A VONTADE DO HOMEM
A palavra liberdade é empregada
num sentido mais ou menos lato. Há filósofos que atribuem ao homem uma
liberdade ilimitada. A seu ver, o homem cria, por assim dizer, a sua própria
natureza, adquire as faculdades que deseja e age independente de qualquer lei.
Tal liberdade está em contradição com um ser criado. Tudo quanto possam dizer a
seu favor não passará de declamações enfáticas, desprovidas de senso e de
veridicidade.
Outros há que admitem uma
liberdade absoluta, em virtude da qual o homem age sem motivo. Isso, porém, é
presumir efeito sem causa, é isentar o homem da lei de causalidade. Seria uma
liberdade contraditória de si mesma, podendo-se proceder num mesmo caso bem ou
mal, mas sempre sem motivo. Inúteis seriam, então, todos os institutos de
finalidade beneficente, individual ou coletiva. De que serviriam as leis, a
Religião, as penalidades e recompensas, se nada determinasse o homem? Por que
esperar de outrem amizade e fidelidade, antes que ódio e perfídia? Promessas,
juramentos, votos, tudo ilusão! Tal liberdade nada tem de real, não passa de
especulativa e absurda.
Precisamos, ao contrário,
reconhecer uma liberdade acorde com a natureza humana, liberdade que a
legislação pressupõe liberdade raciocinada.
Três são as condições
fundamentais da legítima liberdade: em primeiro lugar, é preciso que a criatura
possa escolher entre vários motivos.
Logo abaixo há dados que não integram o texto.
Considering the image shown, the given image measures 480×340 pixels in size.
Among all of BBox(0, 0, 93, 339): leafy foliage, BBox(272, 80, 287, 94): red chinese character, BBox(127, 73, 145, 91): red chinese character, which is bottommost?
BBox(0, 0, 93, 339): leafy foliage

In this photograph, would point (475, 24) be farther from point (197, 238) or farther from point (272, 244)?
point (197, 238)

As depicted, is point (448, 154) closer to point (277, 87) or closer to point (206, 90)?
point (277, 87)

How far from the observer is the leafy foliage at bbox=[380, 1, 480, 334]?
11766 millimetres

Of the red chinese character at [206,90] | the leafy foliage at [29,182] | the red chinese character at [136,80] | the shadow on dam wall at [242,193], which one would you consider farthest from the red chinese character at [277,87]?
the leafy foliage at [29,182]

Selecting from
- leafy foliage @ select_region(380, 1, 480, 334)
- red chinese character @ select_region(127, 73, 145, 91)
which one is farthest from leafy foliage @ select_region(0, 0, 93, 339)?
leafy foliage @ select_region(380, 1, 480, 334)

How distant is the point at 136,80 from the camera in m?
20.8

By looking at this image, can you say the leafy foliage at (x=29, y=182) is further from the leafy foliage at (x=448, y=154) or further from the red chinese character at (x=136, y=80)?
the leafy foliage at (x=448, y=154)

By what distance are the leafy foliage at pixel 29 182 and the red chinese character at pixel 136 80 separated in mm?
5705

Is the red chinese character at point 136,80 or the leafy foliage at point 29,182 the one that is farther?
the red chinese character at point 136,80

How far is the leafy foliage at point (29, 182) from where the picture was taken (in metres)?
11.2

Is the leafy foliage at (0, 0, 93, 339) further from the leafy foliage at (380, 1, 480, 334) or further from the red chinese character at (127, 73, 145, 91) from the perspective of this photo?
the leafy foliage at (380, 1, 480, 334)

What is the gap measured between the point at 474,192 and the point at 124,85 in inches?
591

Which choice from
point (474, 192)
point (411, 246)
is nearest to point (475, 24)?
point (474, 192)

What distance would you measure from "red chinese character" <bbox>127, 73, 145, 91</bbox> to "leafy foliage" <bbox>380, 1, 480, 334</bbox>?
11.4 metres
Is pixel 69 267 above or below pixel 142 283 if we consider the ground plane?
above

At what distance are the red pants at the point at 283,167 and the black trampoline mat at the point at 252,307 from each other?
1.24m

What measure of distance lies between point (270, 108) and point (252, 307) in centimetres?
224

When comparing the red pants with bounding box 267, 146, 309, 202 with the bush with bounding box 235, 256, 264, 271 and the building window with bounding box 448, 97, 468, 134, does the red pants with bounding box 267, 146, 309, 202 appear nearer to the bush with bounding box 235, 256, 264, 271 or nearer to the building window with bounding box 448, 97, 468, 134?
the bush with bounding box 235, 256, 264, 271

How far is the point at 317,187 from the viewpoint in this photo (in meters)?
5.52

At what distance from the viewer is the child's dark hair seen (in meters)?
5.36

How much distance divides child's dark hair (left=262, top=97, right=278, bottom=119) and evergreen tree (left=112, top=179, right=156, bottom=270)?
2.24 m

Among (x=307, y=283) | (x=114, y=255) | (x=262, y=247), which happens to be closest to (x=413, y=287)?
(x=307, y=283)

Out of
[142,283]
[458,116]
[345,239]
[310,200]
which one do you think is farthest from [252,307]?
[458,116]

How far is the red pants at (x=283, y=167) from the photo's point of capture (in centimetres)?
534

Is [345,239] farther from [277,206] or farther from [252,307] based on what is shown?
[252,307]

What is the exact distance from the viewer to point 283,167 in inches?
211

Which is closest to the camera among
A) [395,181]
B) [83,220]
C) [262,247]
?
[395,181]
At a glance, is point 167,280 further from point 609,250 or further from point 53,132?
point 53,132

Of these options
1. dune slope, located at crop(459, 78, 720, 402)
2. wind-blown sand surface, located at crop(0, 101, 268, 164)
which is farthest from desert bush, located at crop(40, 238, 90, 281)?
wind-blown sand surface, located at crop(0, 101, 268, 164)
Seguindo o motivo mais forte, ou agindo só
por prazer, já se não opera com liberdade. O prazer não é mais que uma falsa
aparência de liberdade. A ovelha que mastiga a erva com prazer não está
exercendo um ato livre.
Obedecendo a um desejo mais
forte, também o animal, quanto o homem, não pratica livremente, tampouco. A
condição precípua da liberdade é a inteligência, ou a faculdade de conhecer e
escolher os motivos. Quanto mais ativa a inteligência, mais ampla a liberdade.
Os idiotas natos, as crianças até uma certa idade, têm, às vezes, desejos muito
enérgicos, mas ninguém os considera livres, visto não possuírem inteligência
bastante para distinguir o falso do verdadeiro.
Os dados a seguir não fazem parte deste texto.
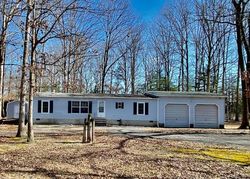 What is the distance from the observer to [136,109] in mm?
33875

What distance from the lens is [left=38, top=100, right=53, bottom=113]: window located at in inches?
1298

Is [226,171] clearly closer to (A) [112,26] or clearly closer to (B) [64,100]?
(B) [64,100]

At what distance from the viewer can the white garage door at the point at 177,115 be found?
3438cm

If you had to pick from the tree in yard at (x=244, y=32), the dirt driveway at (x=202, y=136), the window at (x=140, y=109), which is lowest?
the dirt driveway at (x=202, y=136)

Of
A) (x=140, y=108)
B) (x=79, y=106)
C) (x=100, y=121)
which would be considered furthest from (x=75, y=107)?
(x=140, y=108)

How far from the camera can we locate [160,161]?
9.97 metres

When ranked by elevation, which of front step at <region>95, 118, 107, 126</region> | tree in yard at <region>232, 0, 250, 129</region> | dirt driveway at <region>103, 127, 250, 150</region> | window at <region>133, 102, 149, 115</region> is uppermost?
tree in yard at <region>232, 0, 250, 129</region>

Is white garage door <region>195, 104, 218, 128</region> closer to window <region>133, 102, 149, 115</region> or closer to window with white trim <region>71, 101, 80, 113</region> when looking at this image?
window <region>133, 102, 149, 115</region>

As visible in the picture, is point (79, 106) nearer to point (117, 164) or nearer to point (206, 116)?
point (206, 116)

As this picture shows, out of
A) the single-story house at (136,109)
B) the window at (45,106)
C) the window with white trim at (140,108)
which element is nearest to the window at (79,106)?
the single-story house at (136,109)

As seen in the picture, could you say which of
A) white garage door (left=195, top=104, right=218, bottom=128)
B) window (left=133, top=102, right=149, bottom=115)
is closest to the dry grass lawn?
window (left=133, top=102, right=149, bottom=115)

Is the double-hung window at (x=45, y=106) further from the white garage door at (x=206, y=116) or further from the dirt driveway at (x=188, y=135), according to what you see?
the white garage door at (x=206, y=116)

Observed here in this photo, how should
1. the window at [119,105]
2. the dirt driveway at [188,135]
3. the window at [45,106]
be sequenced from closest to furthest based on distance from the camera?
the dirt driveway at [188,135]
the window at [45,106]
the window at [119,105]

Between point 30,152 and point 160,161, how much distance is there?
382 centimetres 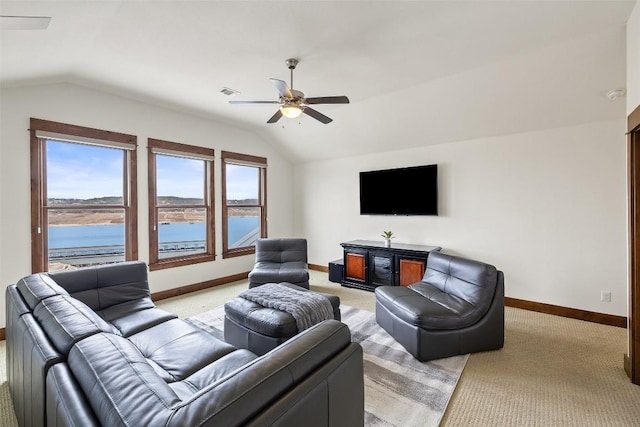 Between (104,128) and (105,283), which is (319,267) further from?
(104,128)

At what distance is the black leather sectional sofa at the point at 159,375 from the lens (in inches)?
33.7

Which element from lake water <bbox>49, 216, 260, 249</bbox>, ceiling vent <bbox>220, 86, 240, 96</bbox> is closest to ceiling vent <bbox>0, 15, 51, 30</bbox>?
ceiling vent <bbox>220, 86, 240, 96</bbox>

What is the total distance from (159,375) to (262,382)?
557mm

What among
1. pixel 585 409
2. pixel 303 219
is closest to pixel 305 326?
pixel 585 409

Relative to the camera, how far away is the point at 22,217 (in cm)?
326

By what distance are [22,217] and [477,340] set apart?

Os homens mais bem educados e os
mais inteligentes são os de quem, mais que dos ignorantes, deploramos as
faltas. À medida que se elevam na série das faculdades intelectivas, os animais
vão-se tornando mais livres e modificam mais individualmente os seus atos, de
acordo com as circunstâncias exteriores e com as lições de sua prévia
experiência. Se empregamos a violência para impedir o cão de perseguir a lebre,
ele se lembrará das pancadas que o aguardam e, árdego e trêmulo ao império dos
próprios desejos, não deixará de ceder. O homem, superior a todos os seus
irmãos da escala zoológica, é, por sua mesma natureza, o ser que goza de
liberdade no grau mais eminente. Só ele procura encadear efeitos e causas,
comparar melhor o presente e o passado, e daí tirar conclusões para o futuro.
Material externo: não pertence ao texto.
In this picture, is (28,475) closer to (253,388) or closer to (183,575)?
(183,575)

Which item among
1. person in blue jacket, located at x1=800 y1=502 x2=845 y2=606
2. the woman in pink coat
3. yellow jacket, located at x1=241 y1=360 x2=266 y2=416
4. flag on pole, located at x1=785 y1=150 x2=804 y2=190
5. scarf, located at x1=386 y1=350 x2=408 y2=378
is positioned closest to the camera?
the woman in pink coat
Pesa as razões, detém-se nas que lhe parecem preferíveis, conhece a tradição.
Seu raciocínio decide e perfaz a vontade esclarecida, muitas vezes contrariamente
aos seus desejos.
Uma última condição da liberdade
é a influência da volição sobre os instrumentos que devam operar suas ordens
pessoais. O homem não é responsável por desejo ou por faculdades afetivas dele
independentes. A responsabilidade individual começa com a reflexão e com a
possibilidade de proceder voluntariamente. No estado de saúde os instrumentos
operatórios subordinam-se à influência da vontade. A fome é involuntária, mas,
se em senti-la, eu me abstiver de comer, exerço a influência da minha vontade
sobre os instrumentos do movimento voluntário. A cólera é involuntária, mas eu
não sou forçado a maltratar quem me provoque, só porque a minha vontade influi
em meus músculos. Perdido o domínio dessa influência, então sim, o homem já não
é livre. É o que amiúde sucede com os alienados, que experimentam desejos,
reconhecem a sua inconveniência, chegam a maldizê-los, mas não têm a força de
restringir os movimentos involuntários, chegando mesmo, algumas vezes, a pedir
que lhos embarguem.
A liberdade moral é a base mesma
da sociedade e se ela não passa de ilusão, todo o gênero humano, tanto as
nações incipientes como as mais civilizadas, que cultivam a Ciência e governam
a Matéria, bem como os povos remotos, toda a Humanidade, – repetimo-lo –
ter-se-ia deixado iludir pelo mais colossal dos erros que ainda existiu, depois
de enveredar pela senda mais falsa e injusta que possamos imaginar. Mas... que
dizemos: – injusta? Neste sistema, essa palavra nada significa e visto que o
bom e o mau não existem; visto não haver ordem moral, claro é que todas as
palavras concernentes à descrição dessa ordem, todos os pensamentos e
julgamentos carecem de sentido. E, contudo, a menos que abstraiamos a própria
consciência, não podemos anuir a semelhantes conclusões.
Quaisquer que sejam as
conclusões teóricas a que cheguem os lógicos na questão do livre arbítrio –
dizia Samuel Smiles –, todos sentimos que somos praticamente livres de escolher
entre o bem e o mal. Não somos o seixo que, lançado na torrente, apenas pode
seguir o curso das águas. Ao contrário, sentimos em nós a força do nadador, que
pode escolher a direção convinhável, lutar contra a corrente, ir mais ou menos
aonde lhe praza. Nenhum constrangimento absoluto nos empece a vontade. Sentimos
e sabemos no concernente aos nossos atos, que não somos encandeados por
qualquer espécie de magia. Todas as nossas aspirações para o bem e para o belo
ficariam paralisadas se pensássemos de modo diverso. Todos os negócios, nossa
conduta na vida, regime doméstico, contratos sociais, instituições públicas,
tudo, enfim se baseia na noção prática do livre-arbítrio. E sem ele, onde
estaria a responsabilidade? De que serviria ensinar, aconselhar, predicar,
reprimir, punir? Para que leis, se não houvesse uma crença universal como o próprio
fato universal, de que dos homens e de sua determinação depende conformar-se ou
não? O homem que melhor evidencia seu valor moral é o que se observa a si
mesmo, dirige as suas paixões, vive conforme a regra que se impôs, estuda suas
aptidões e suas falhas.
Eis, verdadeiramente, o homem:
sua grandeza está na sua liberdade. Não fora livre o homem, não se lhe
permitiria ter fome e sede, nem comer nem beber; nem senhorear, em coisa
alguma, as tendências do seu corpo. A ordem social não se teria constituído.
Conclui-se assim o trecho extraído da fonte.